Non-susceptibility of ertapenem primarily detects the beta-lactamases activity and/or other non-carbapenemase producing mechanisms [9,17]. Although some reports are published worldwide, very few reports have been documented from the clinical microbiology laboratory [10,15]. The disc diffusion and MIC determination are the two most common methods for phenotypic detection of carbapenem resistance. Ertapenem has been considered superior to imipenem and meropenem in terms of sensitivity for detecting carbapenem resistance by many studies [9,11,17]. Behera B et al., and Leavitt A et al., observed lower ertapenem MIC were susceptible to imipenem and meropenem due to ESBLs other than carbapenemases and loss of porin channels, Outer Membrane Porin K. pneumoniae-36kDa (OMPK36). Present study result was also observed in concordance with that which might be due to mechanisms other than carbapenemases production [10,17]. In the present study maximum concordance between the ertapenem disc diffusion test and the ertapenem E strip test was observed. This highlights the usefulness of ertapenem disc as a useful screening marker for detecting carbapenem resistance.

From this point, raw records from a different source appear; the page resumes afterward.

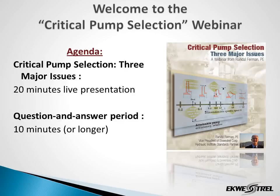Hello, everyone. If you're here for a free webinar on critical pump selection, then you've dialed in successfully and hopefully you've managed to log in without difficulty. Today's webinar presentation will be 20 minutes, followed by question and answer.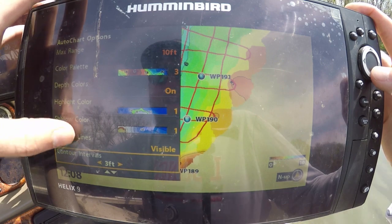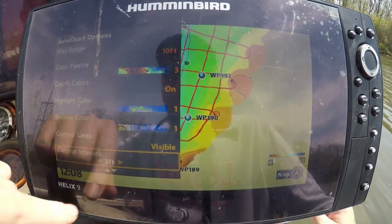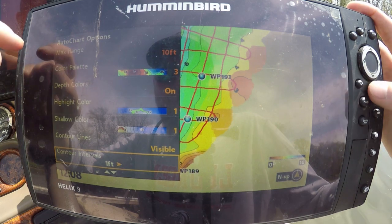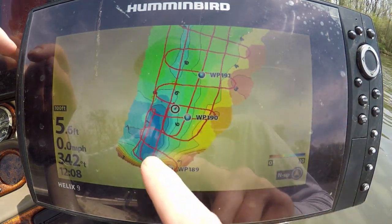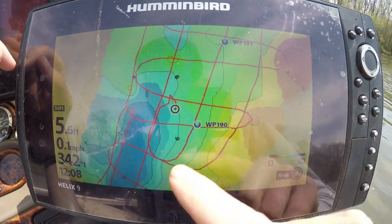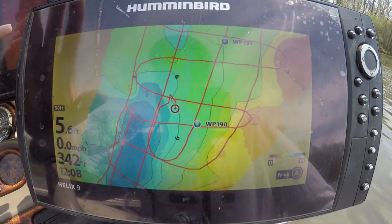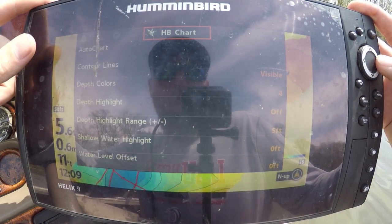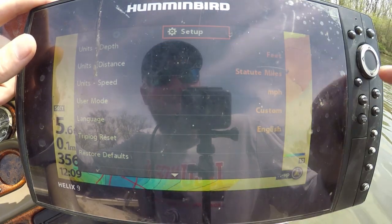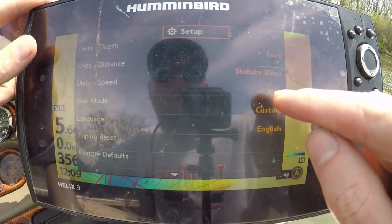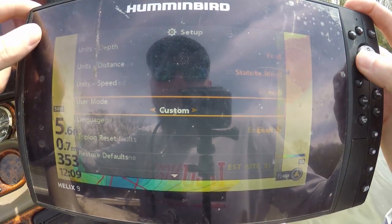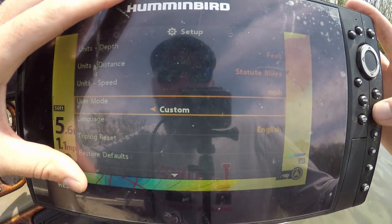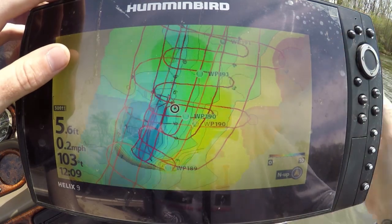Make sure your contour lines are set to visible. Contour intervals come stock at three feet - we want to change this down to one foot. Look how much different you can see all the contour lines of this exact spot now. Also, if you guys aren't seeing a lot of these options, go into your setup menu - hit the menu button twice, scroll to user mode, and change it from Angler to Custom. It's limiting you on a lot of features. Switch to Custom to get all these contour line options.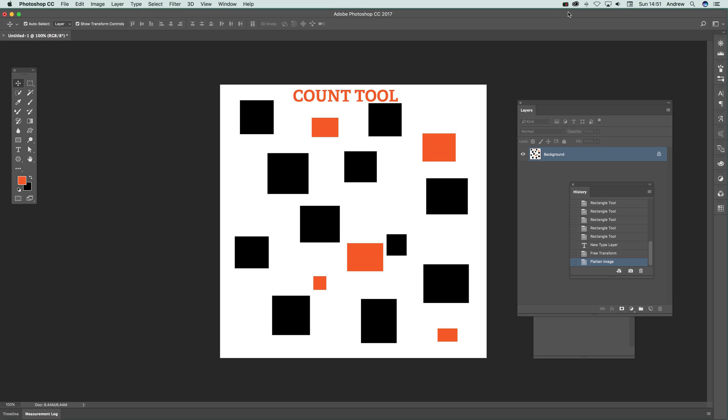In this tutorial I'm just going to show you the count tool. Now the count tool is a great way of just counting various objects and creating a record on the screen.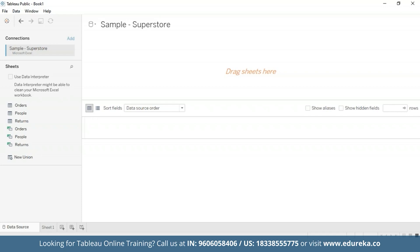I'm on this page and I have imported the data. This tutorial requires two additional steps to prepare the data. First, we need to left join the returns table to the orders table. So let's go ahead and do that.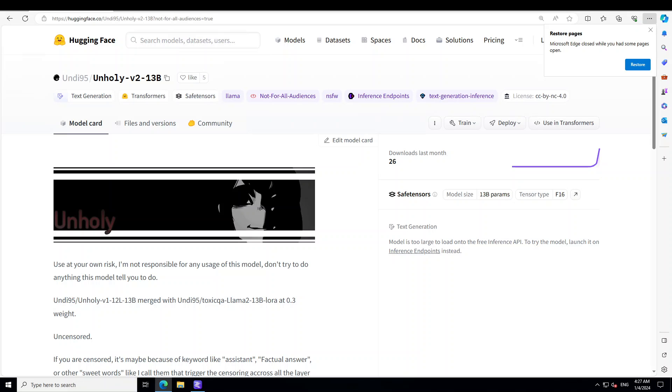In this video, I am going to show you how you can locally install unholy v2 model with 13 billion parameters on your local windows system or in the cloud.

When ertapenem disc and ertapenem E strip tests were individually compared with CNP and/or PCR, the sensitivity and the NPV of the ertapenem disc diffusion test were observed to be higher than the ertapenem E strip test. However, the specificity and PPV were found the same as the E strip test. It may be due to the detection of non-carbapenemase based resistance mechanisms by the disc diffusion tests, which might have missed by the E strip tests due to low MIC levels. The ertapenem disc diffusion test detected 80% of the total CP-CRE. NonCP-CRE strains, in comparison to CP-CRE strains, are less virulent, less fit to the environment, hence less transmissible. There is limited literature available describing the prevalence of CP-CRE and nonCP-CRE separately [14]. Approximately, 3.95% of the isolates detected resistant by the ertapenem disc diffusion test were sensitive by CNP/PCR. It may be due to the detection of resistance by the mechanisms other than carbapenemase production such as AmpC/ESBL production or loss of porin channels, etc. Around 9.2% of the total isolates gave false-negative results, which may be due to the degradation of the drug. Present study result showed that the ertapenem disc diffusion test could detect both CP-CRE and nonCP-CRE isolates.

This study has several limitations. The number of isolates were less, and PCR was only done for limited carbapenemase-producing genes. The increased detection of CRE by ertapenem in comparison to other carbapenems due to non-carbapenemase mechanisms such as the production of AmpC, ESBLs, and alteration of porin channels could have been confirmed to establish the findings in the current study.

In the current study, ertapenem disc diffusion test was observed to have less discordant result with the corresponding E test in comparison to other carbapenem discs i.e., imipenem, meropenem, and doripenem. It is able to detect both CP-CRE and nonCP-CRE organisms, which might be missed by the E test or CNP or PCR. Future studies with large sample size should be planned to evaluate the clinical and diagnostic significance of these results.